* _Problem statement_
Copy, without a single change, each line from the one that holds "Abstract 3d rendering" to the bottom of the entries below, and drop any pictures.

____

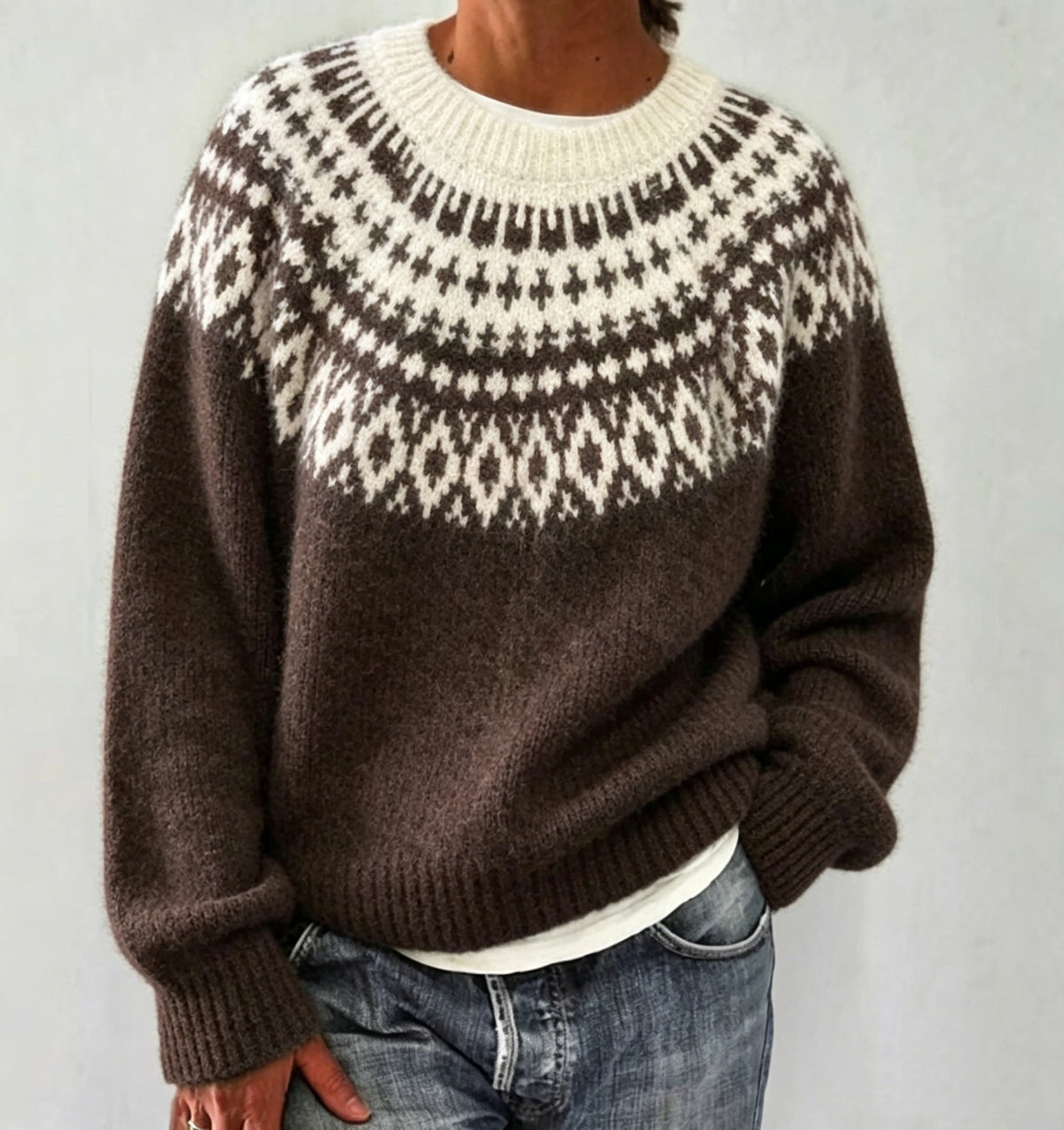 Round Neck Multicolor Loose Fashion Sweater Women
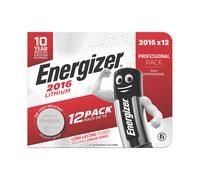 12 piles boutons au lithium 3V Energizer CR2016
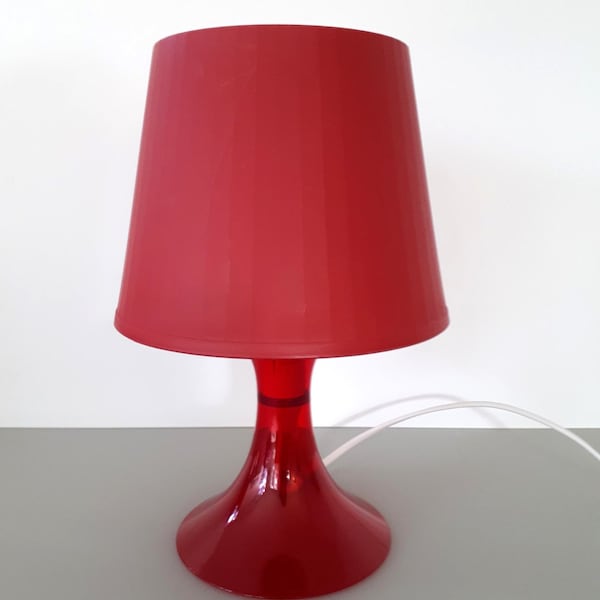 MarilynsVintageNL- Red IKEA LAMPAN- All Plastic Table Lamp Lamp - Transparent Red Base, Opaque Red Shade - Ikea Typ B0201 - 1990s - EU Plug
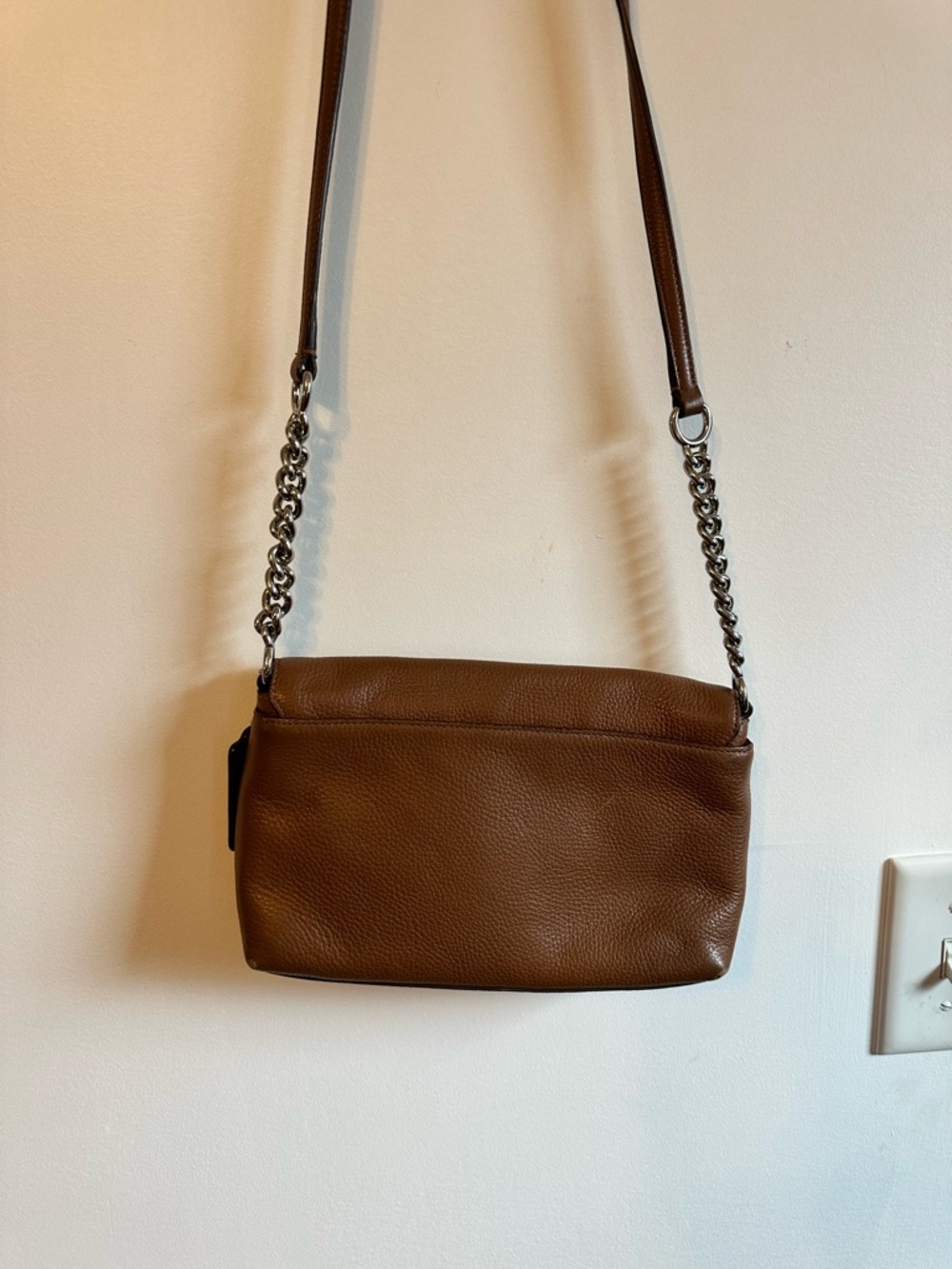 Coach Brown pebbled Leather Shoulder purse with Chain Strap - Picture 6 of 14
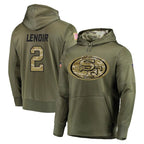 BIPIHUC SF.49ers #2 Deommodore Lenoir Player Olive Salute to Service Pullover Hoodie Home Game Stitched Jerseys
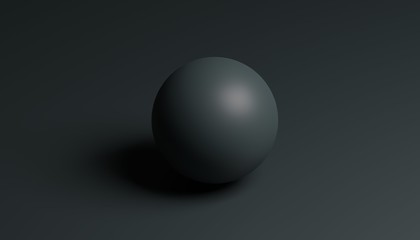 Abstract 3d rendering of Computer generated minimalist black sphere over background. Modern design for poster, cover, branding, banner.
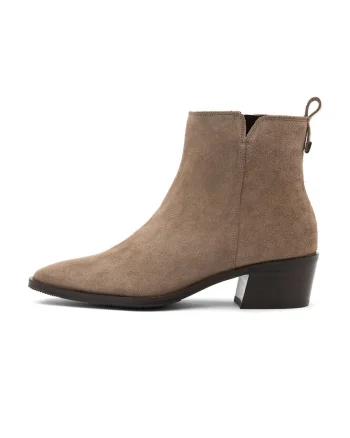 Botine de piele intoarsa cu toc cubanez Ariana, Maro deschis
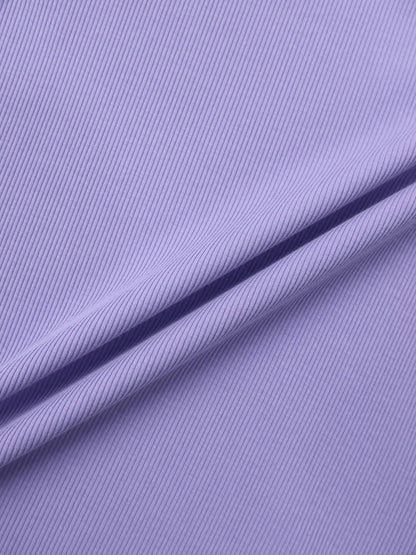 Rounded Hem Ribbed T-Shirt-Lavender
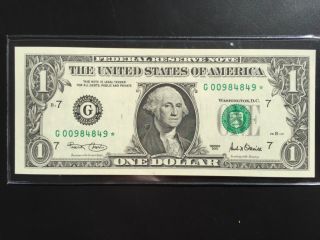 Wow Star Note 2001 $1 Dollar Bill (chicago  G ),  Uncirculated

____

* _Solution_
 Abstract 3d rendering of Computer generated minimalist black sphere over background. Modern design for poster, cover, branding, banner.
 Botine de piele intoarsa cu toc cubanez Ariana, Maro deschis
 Rounded Hem Ribbed T-Shirt-Lavender
 Wow Star Note 2001 $1 Dollar Bill (chicago  G ),  Uncirculated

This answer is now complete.